**RAW DATA**
▬▬▬▬▬▬

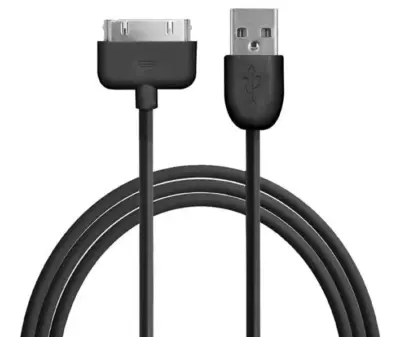 Cavo ricarica e sincronizzazione Apple 30 pin nero 1 metro accessorio auto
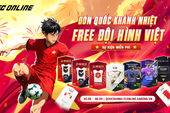 Bày tỏ niềm tự hào ngày Quốc Khánh FC Online tặng miễn phí người chơi trọn đội hình cầu thủ Việt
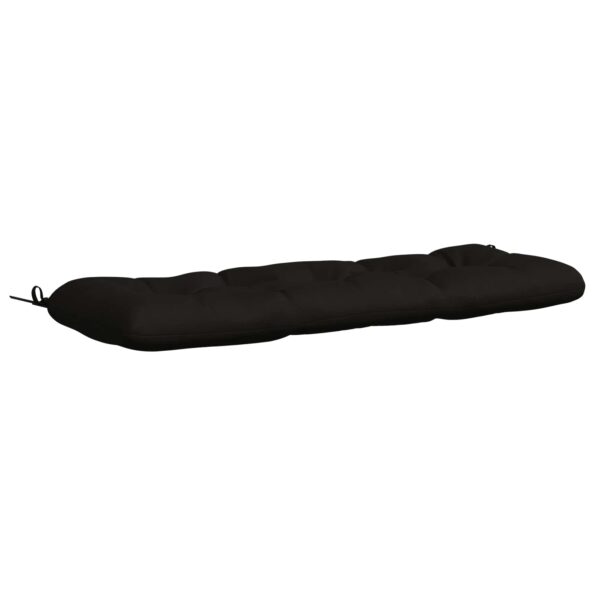 vidaXL Vankúš na lavičku VIANEN 100% polyester Čierna 120 x 40 x 12 cm – Obrázok 2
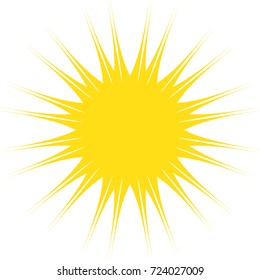 A Yellow Starburst that can be used for a logo or document highlight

▬▬▬▬▬▬

**WHAT YOU ARE ASKED TO DO**
In the listing, find the line with "Bày tỏ niềm" and retype exactly from there through the last line, both included, leaving the pictures out.

**SOLUTION BELOW**
 Bày tỏ niềm tự hào ngày Quốc Khánh FC Online tặng miễn phí người chơi trọn đội hình cầu thủ Việt
 vidaXL Vankúš na lavičku VIANEN 100% polyester Čierna 120 x 40 x 12 cm – Obrázok 2
 A Yellow Starburst that can be used for a logo or document highlight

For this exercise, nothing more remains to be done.